When the change was made uptown
And the Big Man joined the band
-Bruce Springsteen, “Tenth Avenue Freeze-Out”
It is painful to think that Clarence Clemons’ sax will never be heard again. I only saw Bruce Springsteen and the E Street Band play once, on the 22nd of March 2003 at the Sydney Cricket Ground. The experience was simultaneously unforgettable and disappointing, both for the audience and, I would imagine, the band, who have not ventured so far south since. The best efforts of Springsteen, Clemons and the rest were thwarted by the SCG’s horrific acoustics and a sound system which, whether due to interference from eastern suburbs cell phones or gremlins, repeatedly conked out entirely. The silver lining was a very special treat, a big, shaggy rendition of “Rosalita,” the only time it was played on the Australian part of their tour. During the sudden intervals of silence when the machinery broke down, the band kept playing, either in the hope that the malfunction would be brief, or because the huge E Street sound, like a locomotive, takes some time to come to a complete stop. Clemons, of course, who needed no amplifier, was so intrinsic to that sound that you anticipated his roaring solos even when he wasn’t playing.
Those solos were the symbol but hardly the entirety of what made Clemons as important to the band as Springsteen himself. If E Street were a city, say Paris, Springsteen would be Baron Haussmann, the other band members the urban fabric of solid limestone apartments and Clemons Notre Dame or Beaubourg, the monument simultaneously within and apart from its surroundings.

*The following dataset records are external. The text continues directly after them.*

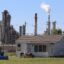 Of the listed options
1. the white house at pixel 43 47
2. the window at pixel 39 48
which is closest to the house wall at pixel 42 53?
the white house at pixel 43 47

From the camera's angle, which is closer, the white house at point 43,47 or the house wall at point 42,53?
the house wall at point 42,53

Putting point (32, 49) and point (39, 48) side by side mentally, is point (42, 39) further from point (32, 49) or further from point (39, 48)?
point (32, 49)

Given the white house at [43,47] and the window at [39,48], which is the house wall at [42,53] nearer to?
the white house at [43,47]

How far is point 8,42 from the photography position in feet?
308

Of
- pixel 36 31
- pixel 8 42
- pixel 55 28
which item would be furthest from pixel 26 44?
pixel 55 28

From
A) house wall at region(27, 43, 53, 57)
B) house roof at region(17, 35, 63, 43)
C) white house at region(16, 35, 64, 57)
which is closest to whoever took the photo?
house wall at region(27, 43, 53, 57)

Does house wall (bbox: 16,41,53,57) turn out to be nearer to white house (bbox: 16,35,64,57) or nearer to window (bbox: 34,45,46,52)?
white house (bbox: 16,35,64,57)

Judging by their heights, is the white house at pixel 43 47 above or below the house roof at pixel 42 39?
below

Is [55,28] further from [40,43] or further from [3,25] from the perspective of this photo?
[40,43]

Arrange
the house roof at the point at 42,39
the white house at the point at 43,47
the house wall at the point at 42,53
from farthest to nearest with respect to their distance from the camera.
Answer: the house roof at the point at 42,39 → the white house at the point at 43,47 → the house wall at the point at 42,53

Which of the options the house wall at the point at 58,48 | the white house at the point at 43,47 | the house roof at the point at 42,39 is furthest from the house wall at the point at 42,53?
the house roof at the point at 42,39

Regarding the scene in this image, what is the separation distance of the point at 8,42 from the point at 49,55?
3804 centimetres

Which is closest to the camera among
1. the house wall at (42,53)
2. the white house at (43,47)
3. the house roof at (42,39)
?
the house wall at (42,53)

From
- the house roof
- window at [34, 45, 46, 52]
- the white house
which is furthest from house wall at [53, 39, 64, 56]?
window at [34, 45, 46, 52] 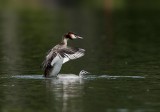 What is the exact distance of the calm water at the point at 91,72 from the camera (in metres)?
19.1

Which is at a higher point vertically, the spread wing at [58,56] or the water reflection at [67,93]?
the spread wing at [58,56]

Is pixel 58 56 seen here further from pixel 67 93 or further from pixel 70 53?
pixel 67 93

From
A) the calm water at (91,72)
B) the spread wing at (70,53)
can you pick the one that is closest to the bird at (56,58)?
the spread wing at (70,53)

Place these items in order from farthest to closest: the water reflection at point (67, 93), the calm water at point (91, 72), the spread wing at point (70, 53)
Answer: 1. the spread wing at point (70, 53)
2. the calm water at point (91, 72)
3. the water reflection at point (67, 93)

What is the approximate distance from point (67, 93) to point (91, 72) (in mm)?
5036

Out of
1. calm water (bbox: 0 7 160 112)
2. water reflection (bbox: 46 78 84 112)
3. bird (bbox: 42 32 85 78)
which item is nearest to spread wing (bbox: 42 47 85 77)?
bird (bbox: 42 32 85 78)

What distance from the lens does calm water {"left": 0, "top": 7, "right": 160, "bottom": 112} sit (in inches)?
753

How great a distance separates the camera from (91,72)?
25.7m

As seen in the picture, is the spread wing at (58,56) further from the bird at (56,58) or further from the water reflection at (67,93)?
the water reflection at (67,93)

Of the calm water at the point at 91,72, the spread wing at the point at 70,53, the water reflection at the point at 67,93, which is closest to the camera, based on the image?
the water reflection at the point at 67,93

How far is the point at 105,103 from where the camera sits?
19.0 m

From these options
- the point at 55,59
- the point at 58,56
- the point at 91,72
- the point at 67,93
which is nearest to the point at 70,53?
the point at 58,56

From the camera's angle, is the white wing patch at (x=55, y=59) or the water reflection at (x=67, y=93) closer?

The best Springsteen songs have a strong structure, even when played live, and required for their architecture the big man and his sax, just as on stage the propulsive Springsteen always played off Clemons’ lapidary stillness. I have no doubt E Street will keep on playing, but Clemons is irreplaceable.
Clarence Clemons leaves behind a lot of great music. I rate “Jungleland” both as his finest solo and, not coincidentally, one of Springsteen’s best moments as a lyricist. Clemons’ sax becomes an articulation of the moment beyond words; Springsteen’s lyrics cannot quite say everything that the song needs to say. Clemons takes over about a third of the song’s ten minute running time (it’s longer live), and then Springsteen gets his second wind, with the especially beautiful lyrics which begin “Beneath the city two hearts beat…”. There is no better example, other than Born to Run’s famous cover, of the way Clemons enlivened Springsteen even as he drew energy from him. Whether heard live or in the studio version, the “Jungleland” solo defines Clemons as the consummate rock and roll saxophonist, the standout member of a team. We are lucky the band recorded, on CD and DVD, a cracker of a live version during their ten show stand at Madison Square Garden in the summer of 2000. The Live in New York City album ends with “If I Should Fall Behind,” a song absolutely made by Clemons’ basso profundo singing voice. His lyric, hesitant and powerful, seems to contain the weight of the band’s decades together. Though we perhaps remember him first as a soloist, Clemons’ highest calling was to be a part of the joyous sound the band made together.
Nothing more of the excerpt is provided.